Но ведь Бодлер здесь ничего по-настоящему ужасного или отвратительного не описывает, ибо по-настоящему ужасно – этически отвратительное. Как например, на картине Репина "Убийство Иваном Грозным своего сына". Всей суммой своего мастерства и суммой красок и оттенков психического ужаса художник наваливается на зрителя, создавая в его душе замешательство, хаос и фундаментальное противоречие. Ибо всякое художественно прекрасное изображение (чара искусства) невольно пробуждает в нас восхищение, умиление, разнеженное расположение приятия, говорения "да!" миру, реальности, прекрасному, явленному нам здесь (на полотне, в звуках или в стихотворении), явленному в концентрированном виде. Прекрасное из глубины своего бытийства требует предмет, ему соответствующий: этически благое. (Калокагатия у греков). На картине Репина зритель видит нравственно омерзительное, и потому чем более обольстительнее живописует художник эту отвратительную сцену, тем большее замешательство, а затем раздражение и гнев на живописца рождается в душе. "Зачем ты это делаешь? С какой целью ты это написал" – вздрагивает голос в груди зрителя. Нормальный человек стремится поскорее миновать эту картину, эту очевидную ошибку Репина, плод его недомыслия. Но тот, кто задержится надолго, неминуемо захочет выхватить нож и порезать ее на куски. Абсолютно нормальная реакция нормального существа.
Вот почему есть эпохи, где реализм дает богатый материал для художника, а есть времена, когда в жанре социального реализма творчество невозможно. Лишь фантазии и природа могут дать материал, адекватный сущности самой изначальной художественности. Никто не назовет "Илиаду" сентиментальной сказочкой. Кровь там течет обильно. Однако материалом для Гомера была трагическая напряженность страстей, натянутых на тугое полотнище мировых законов и прежде всего закона долга, верности и чести. А не психические девиации зажравшегося тирана.

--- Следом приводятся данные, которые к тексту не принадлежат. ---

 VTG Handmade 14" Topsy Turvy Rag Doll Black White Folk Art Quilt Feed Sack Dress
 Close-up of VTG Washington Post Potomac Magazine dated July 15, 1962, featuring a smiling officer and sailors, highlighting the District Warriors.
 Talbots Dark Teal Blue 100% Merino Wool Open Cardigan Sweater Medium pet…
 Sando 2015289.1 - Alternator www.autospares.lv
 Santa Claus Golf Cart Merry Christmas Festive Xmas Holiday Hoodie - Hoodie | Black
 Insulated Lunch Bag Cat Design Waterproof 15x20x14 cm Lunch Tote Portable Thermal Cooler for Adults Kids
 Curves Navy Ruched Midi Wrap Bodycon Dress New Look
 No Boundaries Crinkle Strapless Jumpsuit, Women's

И когда в центр кинокартины, пьесы или романа ставят киллера, проститутку или денежного бонзу (или иное какое человеческое насекомое), которых играют красавцы и красавицы, то фундаментальная ложь сплетения всех этих красот мизансценирования (красот, набранных всей суммой заслуг того или иного вида и жанра искусства) с мерзостной сущностью этих людей-кукол начинает изнутри корежить человека, если он не догадается поскорее сбросить с себя этих злобных пауков, жаждущих высосать его сознание.